Release DetailsLABEL Profound Lore Records
RELEASED ON 6/22/2010
Of Seismic Consequence
posted on 8/2010 By:
When people talk about "challenging" music, they're usually talking about music that's tough to listen to. By this definition, virtually any metal album above a certain threshold of technicality or with sufficiently shitty sound quality is challenging just because it's hard to tell what the hell is going on.
But music can also be challenging because it's tough to think about. Take Yakuza, for example. After eleven years and five albums, this band continues to defy description. They're unquestionably a metal band, with a well-deserved 'progressive' tag, but the easy categorization stops there.
Yakuza's roots can be traced to turn-of-the-century noisy metalcore (think Converge, Burnt By the Sun, and that crowd). As the years have gone by, their sound has opened up considerably. Frontman Bruce Lamont's brutalist saxophone work--that's right, brutal saxophone--has pushed further into the spotlight, and the band's songwriting has grown increasingly doomy, tripped-out, and expansive.
Of Seismic Consequence, like Transmutations before it, pushes Yakuza further into the unknown. Every one of this band's left-of-center features has been ratcheted up a notch--more long songs, more dynamic shifts, more clean vocals, and more effects-addled sax.
Yakuza can still crank out rippers at will. The album's proper opener "Thinning the Herd," "The Elephant Walkers," and "The Great War" all display Yakuza's capacity for compact, vicious songwriting. Even on these terse efforts, Lamont's clean voice gets more face time than it ever has before, but they're still comparatively conventional riffsplosions.

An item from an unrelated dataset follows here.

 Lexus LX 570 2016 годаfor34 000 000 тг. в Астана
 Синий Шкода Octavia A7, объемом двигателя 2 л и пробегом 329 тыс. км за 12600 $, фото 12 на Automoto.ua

Considerably more seems to be at stake on Of Seismic Consequence's lengthier cuts. The first, the 8-minute "Be That As It May," might well be the best in Yakuza's catalog. It passes in turns from vocal-centric contemplation to furious guitar workout and ecstatic sax solo to a painfully anthemic climax. Though the whole band clicks, the song is really a testament to Lamont's skills. His singing will never bring the house down on its own, but he displays a real ability to craft emotive melodies and lyrics, and he manages to integrate his sax work into Yakuza's metallic craft without even a touch of gimmickry.

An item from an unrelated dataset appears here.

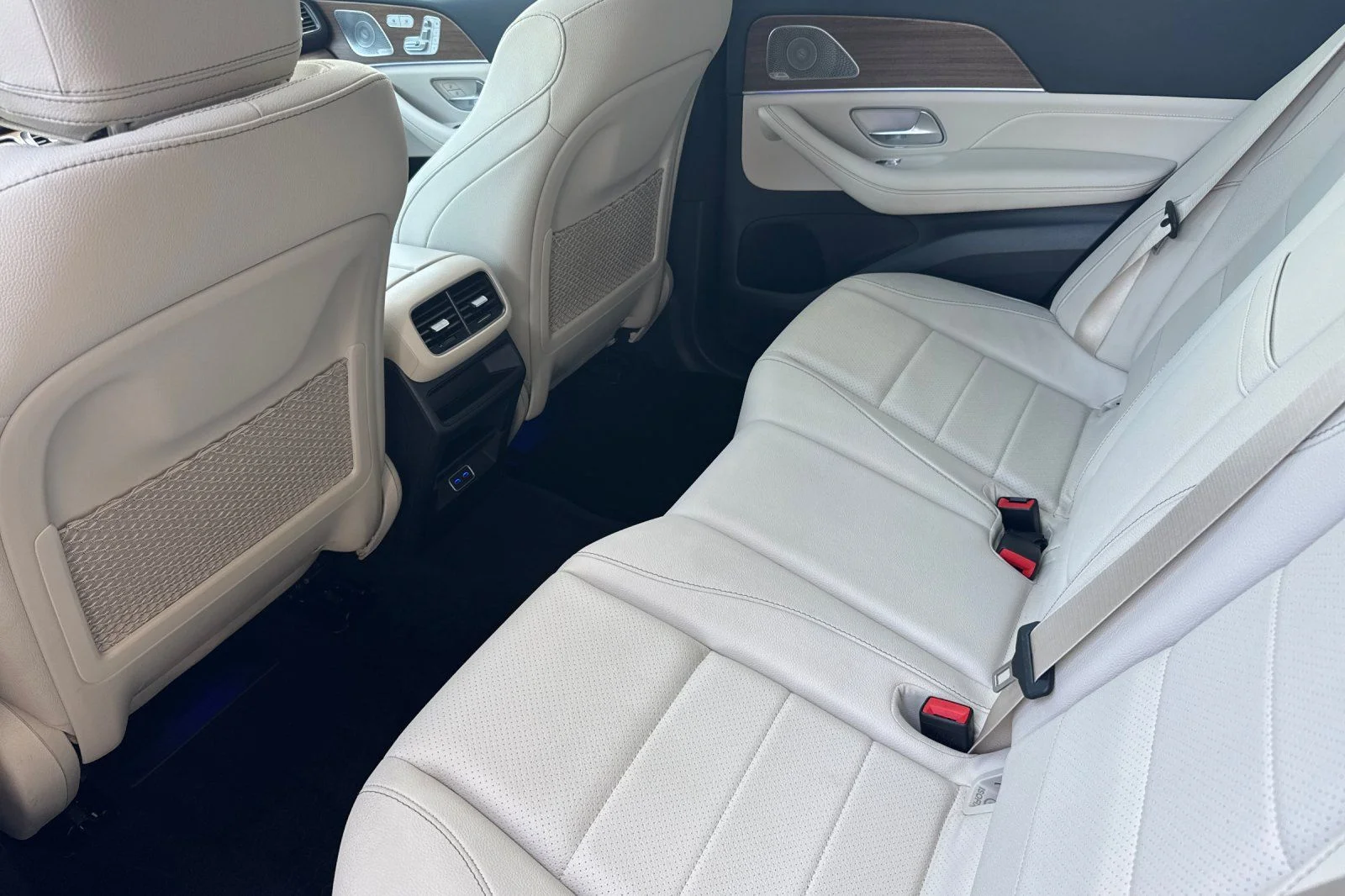 Certified Used 2026 White Mercedes-Benz GLE 450 image 13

"Farewell to the Flesh," which immediately follows "Be That As It May," can't help but disappoint. After such a varied, emotionally charged song, eleven minutes of lugubrious trudging kills the album's momentum, and one can't help but wonder if Yakuza's desire to experiment has them playing against their strengths.

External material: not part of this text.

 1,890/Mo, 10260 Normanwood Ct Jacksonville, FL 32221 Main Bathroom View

Like most restlessly creative bands, Yakuza can be a mixed bag. That said, Of Seismic Consequence contains far more killer than filler, and it's loaded with great moments--the feverish tribal jamming of "Testing the Water," the pounding chorus of "Stones and Bones," the vocal ranting that dominates "The Knuckle Walkers" and "The Great War." But its title will nonetheless turn out less accurate than Yakuza hopes. The very ambition that makes their music so noteworthy has also neatly deprived them of anything like a niche audience to appeal to, and in all likelihood, this band will continue to toil away in unjust obscurity. After all, playing such challenging music has its merits, but it also has its price.